For the first time, Paul plays lead guitar backed by the same band he’s always had and the one that tours with him. Like Paul, the instrumentation is simple and homespun. Willie Dixon defined blues simply as truth. By that definition, this is a blues album.
“This is all about focusing on the songs. That’s all it is, and I was inspired by a couple of artists who might seem odd, but I think you understand when I say it. It’s like when you listen to a Kenny Rogers album, there ain’t a lot of instrumentation solos. It’s all about singing a great song, and that’s why Kenny Rogers was so popular because he didn’t cut half decent songs. He cut nothing but killer songs, and the songs didn’t need a lot of razzamatazz. In fact, they need a lot of razzamatazz taken away so that the song could really be heard.”
Paul sings with his daughter Kitty Jones on “Sapphire Dream” a song he co-wrote with her. “Years ago, when my older daughter was about 14, she got into the Beatles, and she wanted to write a song that sounded like them. That’s a hard task. We all wish we could do that, but we wrote this song called ‘Sapphire Dream,’ and she had the little riff she came up with. So, we wrote a song together. Over time, the song stuck in my head. I really liked the song, and my daughter’s great singer as well. So, she came down to the studio and spent the day, and she recorded ‘Sapphire Dream’ with me. It was a nice memory. It was a nice thing to have.”
Paul is an everyman whose music addresses things we all think about but few can articulate with the kind of candor, humor, and folksy truth that immediately endear him to almost everyone lucky enough to hear his music. I first heard him open for B.B. King at the King Biscuit Blues Festival in 2010. He isn’t technically a bluesman. He was totally unknown to this audience, and he was preceding the most popular blues performer alive in the heart of Delta blues territory.
I thought the audience would eat him alive. Instead, they loved him so much, he’s been invited back every year since. At the end of his performance highlighted by “Pimps and Preachers (his dad’s the preacher and his uncle the pimp), he told the crowd that if they didn’t buy the album, they were all going to hell. Hundreds took him at his word.
“I like to tell jokes and be funny, but I’m not a comedy writer. I’m a singer/songwriter.”
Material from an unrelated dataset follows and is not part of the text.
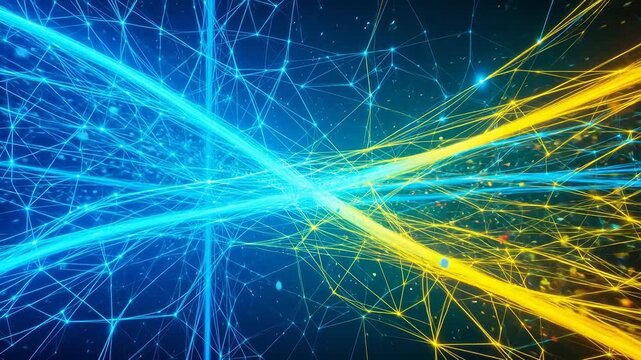Futuristic cyber particles colored background digital technology abstract data network connection innovation science energy motion glowing system concept for modern tech design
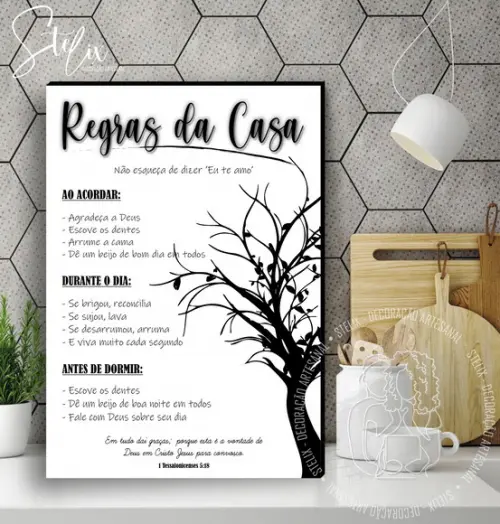 Quadro Regras da Casa - Placa Decorativa A4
He went on the radio one time and off the top of his head belted out a number called “It’s a Great Day to Whup Somebody’s Ass.”
“It’s a novelty song. I sang it on some radio show, and I didn’t know they recorded me live singing it. Then it went viral, and the next thing you know it’s got seven million views on YouTube, and my really good songs not even half of that. It’s just the way it is. You can put out the greatest, most serious album in the world and put it on YouTube, but people would rather watch a video “Grandma Farts,” you know?
“I’m 57 years old and I’m still a big kid. I collect old toys and stuff, and my wife surprised me on my birthday with the comic book Kiss Alive Again. Growing up I was a big Kiss fan, but because we were Pentecostal, we couldn’t have any records by them, and I always envied my friends who had the Kiss Alive One album which is a great album, and some of my friends had the Kiss comic book with the blood in it – with Kiss’s own blood.”
When Paul first recorded, he named his label Perpetual Obscurity. With each passing release, that name becomes more of a joke.